DESCRIPTION OF THE TASK: Set down the full data below exactly as given, please.

EXTRACTED DATA:
=-=-=-=-=

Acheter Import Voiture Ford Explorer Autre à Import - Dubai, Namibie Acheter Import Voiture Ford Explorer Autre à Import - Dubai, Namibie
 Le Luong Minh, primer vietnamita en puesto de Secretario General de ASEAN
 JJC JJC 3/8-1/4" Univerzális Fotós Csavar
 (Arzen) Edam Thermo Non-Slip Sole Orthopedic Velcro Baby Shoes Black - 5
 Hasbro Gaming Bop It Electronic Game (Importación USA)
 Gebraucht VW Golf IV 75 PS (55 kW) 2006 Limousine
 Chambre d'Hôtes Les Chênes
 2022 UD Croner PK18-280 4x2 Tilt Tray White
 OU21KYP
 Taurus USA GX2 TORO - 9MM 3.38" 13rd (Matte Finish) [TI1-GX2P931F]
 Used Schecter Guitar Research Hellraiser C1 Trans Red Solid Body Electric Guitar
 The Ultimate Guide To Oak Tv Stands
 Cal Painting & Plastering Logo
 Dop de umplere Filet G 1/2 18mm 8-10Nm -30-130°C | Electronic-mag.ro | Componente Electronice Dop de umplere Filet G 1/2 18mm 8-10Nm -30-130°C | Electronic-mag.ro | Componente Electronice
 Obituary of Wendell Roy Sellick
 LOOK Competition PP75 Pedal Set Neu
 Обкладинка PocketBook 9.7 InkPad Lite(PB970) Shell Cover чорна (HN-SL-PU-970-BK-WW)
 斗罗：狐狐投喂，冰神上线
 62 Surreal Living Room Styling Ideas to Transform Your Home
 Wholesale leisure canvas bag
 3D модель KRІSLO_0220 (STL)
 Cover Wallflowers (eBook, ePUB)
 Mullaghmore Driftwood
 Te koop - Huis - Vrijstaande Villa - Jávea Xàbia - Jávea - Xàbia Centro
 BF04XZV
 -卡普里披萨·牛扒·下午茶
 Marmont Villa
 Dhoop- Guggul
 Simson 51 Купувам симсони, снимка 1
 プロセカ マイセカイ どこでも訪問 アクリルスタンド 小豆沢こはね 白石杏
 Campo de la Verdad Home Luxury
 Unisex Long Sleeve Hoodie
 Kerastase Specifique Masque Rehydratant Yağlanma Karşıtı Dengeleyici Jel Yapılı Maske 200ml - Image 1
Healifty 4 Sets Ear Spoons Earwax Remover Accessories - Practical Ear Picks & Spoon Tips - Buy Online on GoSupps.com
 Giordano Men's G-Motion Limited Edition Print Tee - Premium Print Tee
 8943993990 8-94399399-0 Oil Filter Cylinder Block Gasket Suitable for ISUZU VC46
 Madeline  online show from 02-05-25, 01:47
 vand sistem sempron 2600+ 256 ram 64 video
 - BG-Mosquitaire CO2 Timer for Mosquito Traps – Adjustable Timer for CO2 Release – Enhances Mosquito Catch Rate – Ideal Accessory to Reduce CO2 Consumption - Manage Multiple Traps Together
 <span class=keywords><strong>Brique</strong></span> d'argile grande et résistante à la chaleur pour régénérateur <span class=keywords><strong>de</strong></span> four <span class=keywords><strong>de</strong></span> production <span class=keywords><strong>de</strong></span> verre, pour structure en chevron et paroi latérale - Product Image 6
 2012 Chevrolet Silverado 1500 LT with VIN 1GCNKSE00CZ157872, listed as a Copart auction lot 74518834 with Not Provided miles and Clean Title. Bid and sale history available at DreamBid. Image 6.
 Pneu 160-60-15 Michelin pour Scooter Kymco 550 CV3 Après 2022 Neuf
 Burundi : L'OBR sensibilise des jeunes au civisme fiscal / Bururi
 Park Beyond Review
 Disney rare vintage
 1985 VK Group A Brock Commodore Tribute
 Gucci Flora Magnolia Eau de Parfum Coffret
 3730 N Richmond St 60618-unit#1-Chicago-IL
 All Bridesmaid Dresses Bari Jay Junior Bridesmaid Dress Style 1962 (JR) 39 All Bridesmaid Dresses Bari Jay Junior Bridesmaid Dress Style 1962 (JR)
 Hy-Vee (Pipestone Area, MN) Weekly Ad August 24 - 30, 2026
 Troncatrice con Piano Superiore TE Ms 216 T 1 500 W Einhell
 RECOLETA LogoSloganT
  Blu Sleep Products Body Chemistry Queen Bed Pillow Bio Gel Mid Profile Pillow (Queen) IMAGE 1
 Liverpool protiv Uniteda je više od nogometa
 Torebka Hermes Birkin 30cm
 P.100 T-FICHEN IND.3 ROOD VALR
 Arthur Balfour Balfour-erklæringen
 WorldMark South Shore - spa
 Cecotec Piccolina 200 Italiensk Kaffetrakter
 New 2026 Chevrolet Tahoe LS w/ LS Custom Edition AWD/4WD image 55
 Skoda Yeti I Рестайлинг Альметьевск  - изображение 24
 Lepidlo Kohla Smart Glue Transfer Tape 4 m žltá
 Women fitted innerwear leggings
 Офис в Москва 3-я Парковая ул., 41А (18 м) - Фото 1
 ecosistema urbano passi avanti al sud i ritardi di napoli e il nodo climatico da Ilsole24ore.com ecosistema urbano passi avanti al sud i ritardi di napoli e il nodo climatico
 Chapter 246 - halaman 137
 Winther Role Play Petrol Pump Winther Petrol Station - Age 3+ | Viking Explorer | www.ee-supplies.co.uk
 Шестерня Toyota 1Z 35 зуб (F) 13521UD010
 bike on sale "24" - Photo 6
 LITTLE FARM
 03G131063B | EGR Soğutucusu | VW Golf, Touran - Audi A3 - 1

=-=-=-=-=

RESPONSE FOR THIS EXERCISE:
Acheter Import Voiture Ford Explorer Autre à Import - Dubai, Namibie Acheter Import Voiture Ford Explorer Autre à Import - Dubai, Namibie
 Le Luong Minh, primer vietnamita en puesto de Secretario General de ASEAN
 JJC JJC 3/8-1/4" Univerzális Fotós Csavar
 (Arzen) Edam Thermo Non-Slip Sole Orthopedic Velcro Baby Shoes Black - 5
 Hasbro Gaming Bop It Electronic Game (Importación USA)
 Gebraucht VW Golf IV 75 PS (55 kW) 2006 Limousine
 Chambre d'Hôtes Les Chênes
 2022 UD Croner PK18-280 4x2 Tilt Tray White
 OU21KYP
 Taurus USA GX2 TORO - 9MM 3.38" 13rd (Matte Finish) [TI1-GX2P931F]
 Used Schecter Guitar Research Hellraiser C1 Trans Red Solid Body Electric Guitar
 The Ultimate Guide To Oak Tv Stands
 Cal Painting & Plastering Logo
 Dop de umplere Filet G 1/2 18mm 8-10Nm -30-130°C | Electronic-mag.ro | Componente Electronice Dop de umplere Filet G 1/2 18mm 8-10Nm -30-130°C | Electronic-mag.ro | Componente Electronice
 Obituary of Wendell Roy Sellick
 LOOK Competition PP75 Pedal Set Neu
 Обкладинка PocketBook 9.7 InkPad Lite(PB970) Shell Cover чорна (HN-SL-PU-970-BK-WW)
 斗罗：狐狐投喂，冰神上线
 62 Surreal Living Room Styling Ideas to Transform Your Home
 Wholesale leisure canvas bag
 3D модель KRІSLO_0220 (STL)
 Cover Wallflowers (eBook, ePUB)
 Mullaghmore Driftwood
 Te koop - Huis - Vrijstaande Villa - Jávea Xàbia - Jávea - Xàbia Centro
 BF04XZV
 -卡普里披萨·牛扒·下午茶
 Marmont Villa
 Dhoop- Guggul
 Simson 51 Купувам симсони, снимка 1
 プロセカ マイセカイ どこでも訪問 アクリルスタンド 小豆沢こはね 白石杏
 Campo de la Verdad Home Luxury
 Unisex Long Sleeve Hoodie
 Kerastase Specifique Masque Rehydratant Yağlanma Karşıtı Dengeleyici Jel Yapılı Maske 200ml - Image 1
Healifty 4 Sets Ear Spoons Earwax Remover Accessories - Practical Ear Picks & Spoon Tips - Buy Online on GoSupps.com
 Giordano Men's G-Motion Limited Edition Print Tee - Premium Print Tee
 8943993990 8-94399399-0 Oil Filter Cylinder Block Gasket Suitable for ISUZU VC46
 Madeline  online show from 02-05-25, 01:47
 vand sistem sempron 2600+ 256 ram 64 video
 - BG-Mosquitaire CO2 Timer for Mosquito Traps – Adjustable Timer for CO2 Release – Enhances Mosquito Catch Rate – Ideal Accessory to Reduce CO2 Consumption - Manage Multiple Traps Together
 <span class=keywords><strong>Brique</strong></span> d'argile grande et résistante à la chaleur pour régénérateur <span class=keywords><strong>de</strong></span> four <span class=keywords><strong>de</strong></span> production <span class=keywords><strong>de</strong></span> verre, pour structure en chevron et paroi latérale - Product Image 6
 2012 Chevrolet Silverado 1500 LT with VIN 1GCNKSE00CZ157872, listed as a Copart auction lot 74518834 with Not Provided miles and Clean Title. Bid and sale history available at DreamBid. Image 6.
 Pneu 160-60-15 Michelin pour Scooter Kymco 550 CV3 Après 2022 Neuf
 Burundi : L'OBR sensibilise des jeunes au civisme fiscal / Bururi
 Park Beyond Review
 Disney rare vintage
 1985 VK Group A Brock Commodore Tribute
 Gucci Flora Magnolia Eau de Parfum Coffret
 3730 N Richmond St 60618-unit#1-Chicago-IL
 All Bridesmaid Dresses Bari Jay Junior Bridesmaid Dress Style 1962 (JR) 39 All Bridesmaid Dresses Bari Jay Junior Bridesmaid Dress Style 1962 (JR)
 Hy-Vee (Pipestone Area, MN) Weekly Ad August 24 - 30, 2026
 Troncatrice con Piano Superiore TE Ms 216 T 1 500 W Einhell
 RECOLETA LogoSloganT
  Blu Sleep Products Body Chemistry Queen Bed Pillow Bio Gel Mid Profile Pillow (Queen) IMAGE 1
 Liverpool protiv Uniteda je više od nogometa
 Torebka Hermes Birkin 30cm
 P.100 T-FICHEN IND.3 ROOD VALR
 Arthur Balfour Balfour-erklæringen
 WorldMark South Shore - spa
 Cecotec Piccolina 200 Italiensk Kaffetrakter
 New 2026 Chevrolet Tahoe LS w/ LS Custom Edition AWD/4WD image 55
 Skoda Yeti I Рестайлинг Альметьевск  - изображение 24
 Lepidlo Kohla Smart Glue Transfer Tape 4 m žltá
 Women fitted innerwear leggings
 Офис в Москва 3-я Парковая ул., 41А (18 м) - Фото 1
 ecosistema urbano passi avanti al sud i ritardi di napoli e il nodo climatico da Ilsole24ore.com ecosistema urbano passi avanti al sud i ritardi di napoli e il nodo climatico
 Chapter 246 - halaman 137
 Winther Role Play Petrol Pump Winther Petrol Station - Age 3+ | Viking Explorer | www.ee-supplies.co.uk
 Шестерня Toyota 1Z 35 зуб (F) 13521UD010
 bike on sale "24" - Photo 6
 LITTLE FARM
 03G131063B | EGR Soğutucusu | VW Golf, Touran - Audi A3 - 1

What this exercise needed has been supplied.